STATE V. MITCHELL: The defendant believing his victim was sleeping in a bed in the downstairs room fired into the bed one bullet hit the pillow and another the dresser close by. In fact the victim, unknown to the defendant, had gone to bed in the upstairs room. Since the defendant had been a boarder in the other’s house and knew that the latter customarily slept in the downstairs bedroom, the defendant’s expectation that his act would result in the desired killing was an eminently reasonable one . Held: he was convicted of attempt. His conduct made out a perfect case of an attempt.

PUNISHMENT FOR ATTEMPTS

In Ghana, a person convicted of an attempt is liable to be punished to the same degree as if he committed the substantive crime. Section 18(2). However, a person under imprisonment for 3 yrs or more who attempts to commit murder is liable to suffer death. Section 49.

Sometimes an act which amounts to an attempt to commit one crime is at the same time the actus reus of another crime – for instance, attempted murder may at the same time be causing grievous bodily harm – attempted rape may be indecent assault – attempted robbery may be unlawful entry – attempted arson may be being on premises for unlawful purpose etc. In such situations, the convict is liable to be punished either for the attempted offence or for the completed offence. Section 18(3)
Finally if there is a defence for the substantive offence the defence is also available for the attempt of that substantive offence. eg provocation for the attempt of murder. Section 18 (4)

PREPARATION

At common law, preparing to commit a crime is not a crime – so it is said that mere preparatory acts to commit a crime is not punishable – to be punishable, the act complained of must be proximate to the actus reus of the offence in question – so at common law, the task was establishing whether the act complained of was an attempt or merely preparatory. However, in Ghana, preparation is a criminal offence on its own by virtue of section 19.

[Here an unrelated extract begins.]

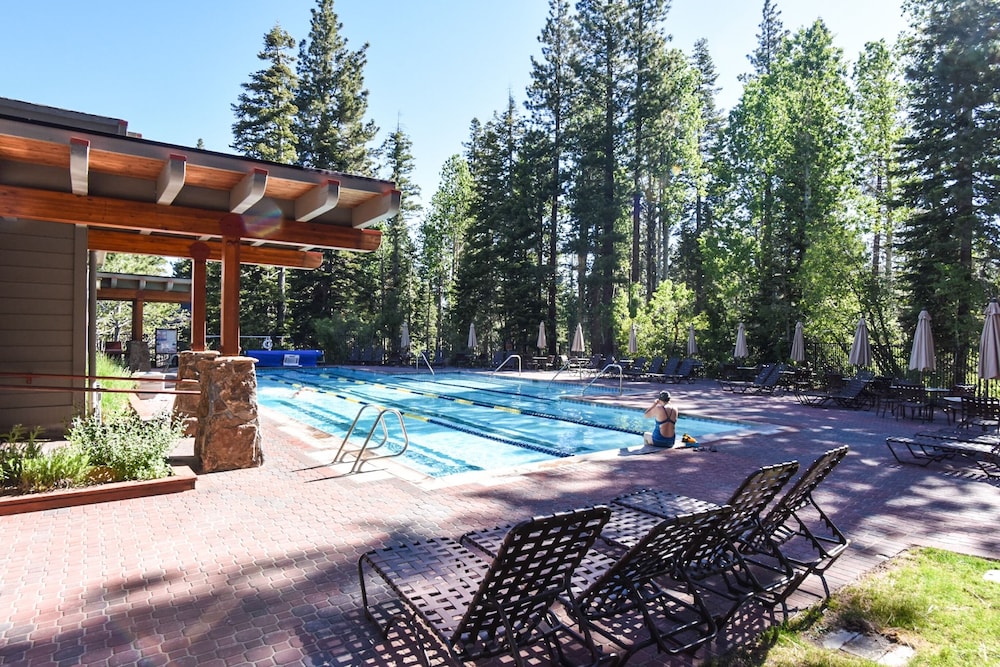 Lake Tahoe Vacations - Northstar Village 215 - Property Image 2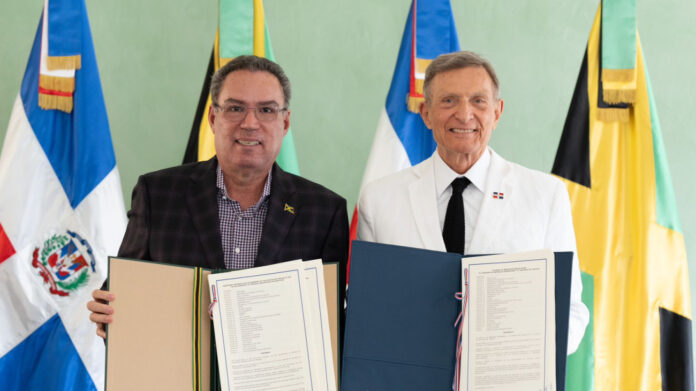 RD y Jamaica suscriben acuerdo para regular y facilitar las operaciones de transporte aéreo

Section 19: A person who prepares or supplies, or has in possession, custody, or control, or in the possession, custody or control of any other person on behalf of that person, any instrument, materials, or means, with the intent that the instruments, materials, or means, may be used by that person, or by any other person, in committing a criminal offence by which life is likely to be endangered, or a forgery, or a felony, commits a criminal offence and is liable to punishment in like manner as if that person had attempted to commit that criminal offence.

Merely having in your possession or in the possession of another person on your behalf, such instruments, materials or means without the requisite mens rea will not fix one with culpability. The focus of the law is on instruments, materials or means that cannot innocently be possessed except with the intention of committing a crime.
A person who prepares to commit a crime is liable to be punished as though he he attempted to commit a crime.

ABETMENT

The crime of abetment is committed when a person renders assistance to another for the purpose of committing a crime, and thereby makes a contribution to the doing of a criminal act. A person who commits the crime, that is the principal actor, may have been supported by many persons who played various roles to ensure the commission of the crime these persons cannot be permitted to escape the grasp of the law thus, the need to punish them. The import of the rules of accessorial liability is to ensure that that each of without their individual assistance the principals may never have attempted the crime.

For a charge of abetment to succeed, the act complained of must precede or be contemporaneous with the commission of the offence. COP v. SARPEY & NYAMEKYE

Abetment is governed by Section 20 of Act 29.

INSTIGATION

The word also refers to “incitement” which involves the sowing of criminal ideas in the mind of other. The act sowing the ideas may be in the form of whipping up sentiments leading to the commission of the crime or urging or psychological punishing of another to commit a crime. Liability is incurred as soon as the particular acts of instigation is done. It is irrelevant the effect it has on its target.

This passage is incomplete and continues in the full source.